The tour was a great success! Lyle Tolhurst, the restaurant’s divisional supervisor, led us on the tour of the restaurant. Coming out of the elevators we were greeted with a view of the kitchen and all of the cooks hard at work. It really gives a wow factor and sets off the dining experience with a bang. Turning to the right you can see the bar before making it over to the host stand. Walking past the host stand towards the dining room we were treated to the fantastic view that Eiffel Tower Restaurant is famous for. Mr. Tolhurst showed our members how they are continually evolving in how they operate their table reservation system, as the hottest seats in the house are the ones by the window overlooking the Bellagio Fountains. The way they do reservations now has increased their table turns per night. Mr. Tolhurst let us in on some top-secret information on which table he considers the best, but I will not be able to reveal that information here. Fun fact: the Eiffel Tower team sees about 4 to 5 proposals every night.
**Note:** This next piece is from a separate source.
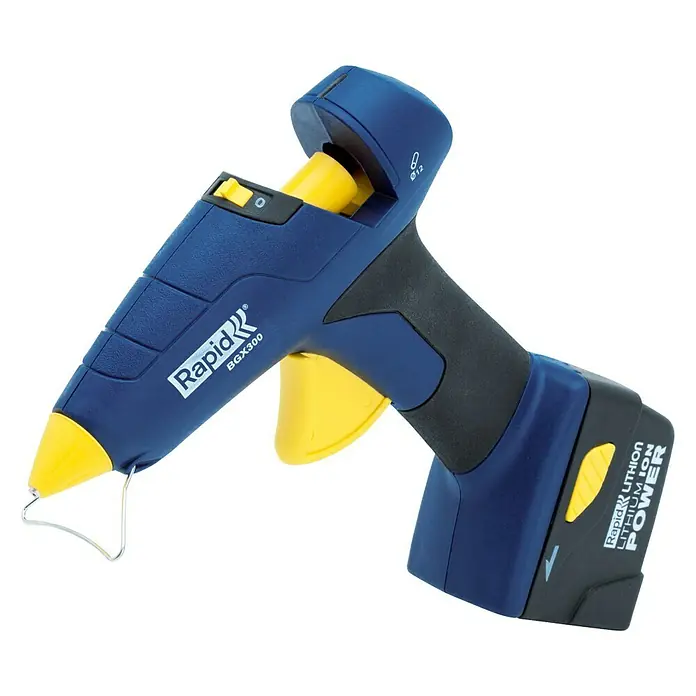 Rapid Akku-Heißklebepistole BGX 300 - 7,4 V, Li-Ionen, 2,6 Ah, 1 Akku, Durchmesser Klebepatrone: 12 mm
We got to meet the Executive Chef, Chef Joung Sohn, and she talked to us about the menu and how Eiffel Tower Restaurant strives to bring authentic French cuisine to Las Vegas. One thing that Chef Sohn told us is that a number of guests are surprised when coming to dine at Eiffel Tower, thinking that French cuisine is served in smaller, delicate portions. Chef went into detail about how they are always researching new trends in the food industry and are constantly evolving their menu to keep up with people’s ever-evolving curiosity for new flavors. The rack of lamb, the creme brulee, and the souffles came highly recommended from the team. Another fun fact is that Chef Sohn was one of the first female executive chefs on the Strip.
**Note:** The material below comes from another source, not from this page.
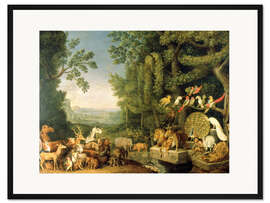 Gerahmter Kunstdruck Der Rat der Tiere aus Reineke Fuchs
Towards the end of our tour we walked in on the pre-shift meeting for the night and got to meet the whole team that makes the magic happen. That was an amazing experience; the manager introduced us as the future leaders of the industry, and they all applauded for us, which was an amazing moment. It was a true warm welcome to the Las Vegas hospitality scene.
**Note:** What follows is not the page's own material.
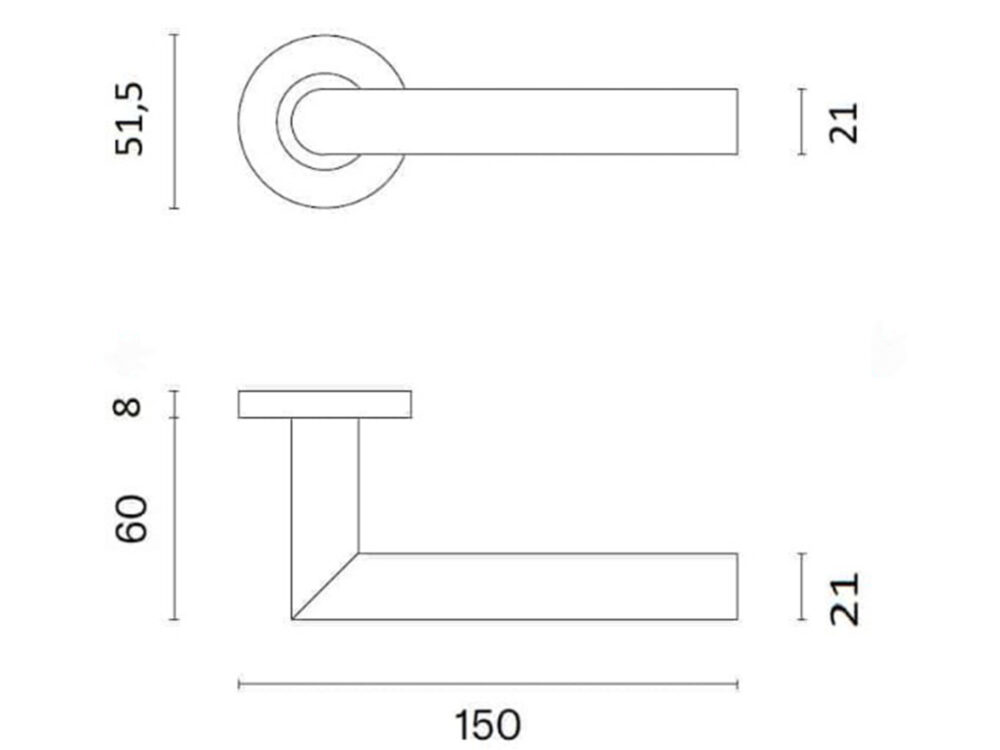 Sterk Oval 1740 Levers On 8mm Round Rose - Image 2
Our members loved the opportunity to be able to visit the Eiffel Tower Restaurant and hear firsthand from the team and learn what makes the restaurant so special and how they keep improving and evolving in the extremely competitive food & beverage market here in Las Vegas. On behalf of all of Epicurean thank you so much to Mr. Tolhurst and everyone at the Eiffel Tower Restaurant for the tour. You made our very first property tour a great success! We are currently in the process of planning more restaurant tours for our members to learn more about different restaurants in Las Vegas and how they operate.
In addition to our Eiffel Tower Restaurant tour, we are starting to plan Epicurean Society’s annual pop-up restaurant on April 23; we will be calling it Around the World with Epicurean. We will be taking our guests on a journey around the world through food, serving 12 different dishes from different countries: 3 appetizers, 3 entrees, 3 desserts and 3 drinks. We have just started planning and the menu is not finalized, so I am not yet able to talk about it. From the early talks we have had in our leaderboard and with all of our general members it is sure to be a big treat. We hope to see you when we tour the culinary world on April 23; it is sure to be a delightful culinary trip around the world.